A by-product of what Brian McHale styles the “name-that-period sweepstakes for what comes after postmodernism” has been the proliferation of commentaries on the meaning of the ‘post-literary’. Reference has been made to some kind of after-literature which, as the product of a succession of literatures, is expected to retain a vestige of what anteceded it while making for a fresh direction. The general narrative concerning the ‘post-’ has been about unlearning the past, innovation and progress, but also one of a limbic sense of living on after the end times. To a different reader, Hight, Anthropy, and Dinsmore’s work might exemplify one or all of these definitions of the condition of being ‘post-’. However, this reader prefers to think of their work in the broad terms established by the journal, CounterText – that is, as manifestations which are implausibly represented by the term ‘literature’ yet register belonging in the “domain” of the post-literary, where “any artefact that might have some claim on the literary appears”.

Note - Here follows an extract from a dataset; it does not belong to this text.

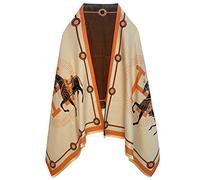 EXTREE Sciarpe per le donne Pashmina scialle setoso avvolgere per vestirsi da sera sciarpa cavallo coperta aperto frontale poncho mantello, Beige, Medium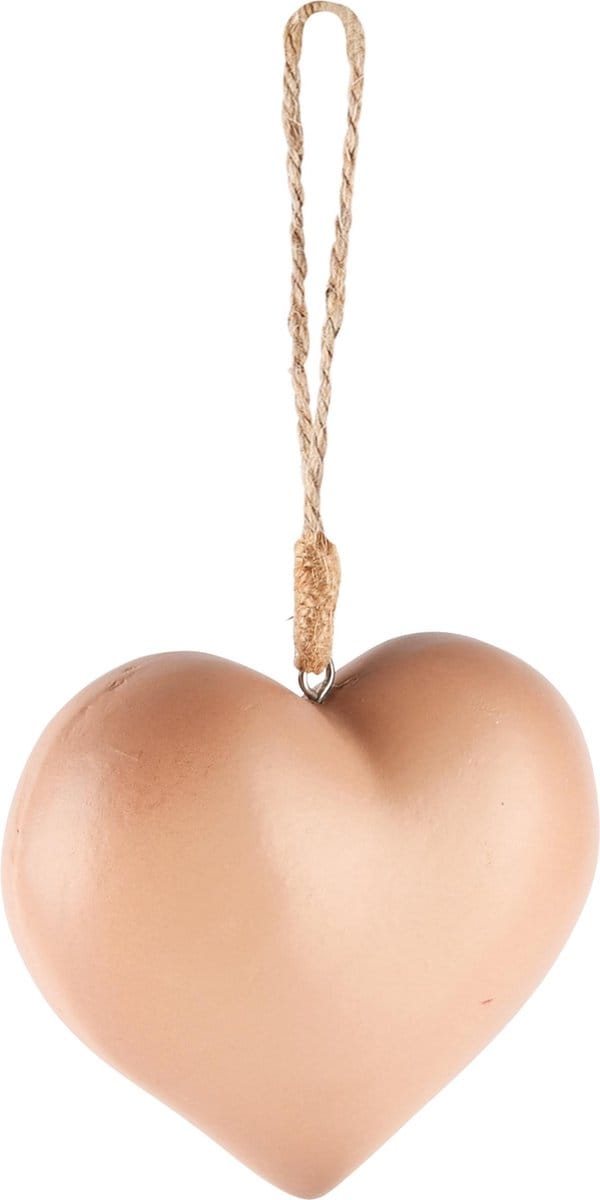 Dekoratief | Hanger hart, roze, hout, 9x5x8cm | A245694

Hight, Anthropy, and Dinsmore thumb their noses at conventional reading practices, employing digital affordances to force narrative to move at a glacial pace, accelerate it impossibly, and place a variety of obstacles in the way of reading. Yet, it is clear from the way they goad the reader that the works still expect to be read. They seem thus to be at the bleeding edge of the ontological challenge identified by John Cayley when he hypothesizes, “if literature is a practice that is determined, chiefly, by material cultural formations that orbit practices and conventions of reading, then it is literature that faces its ontological challenge with respect to digitization.” Given the way digitization has skewed conventional reading practices, Cayley concludes: “Electronic literature is, precisely, no longer literature”. Besides, if Jean-Paul Sartre is right that “the writer, a free man addressing free men, has only one subject – freedom”, so that “any attempt to enslave his readers threatens him in his very art”, then Hight, Anthropy, and Dinsmore cannot be writing literature when they employ programmed platforms to regulate and curtail their readers’ freedom quite simply to read; theirs must be a kind of ‘electronic post-literary’.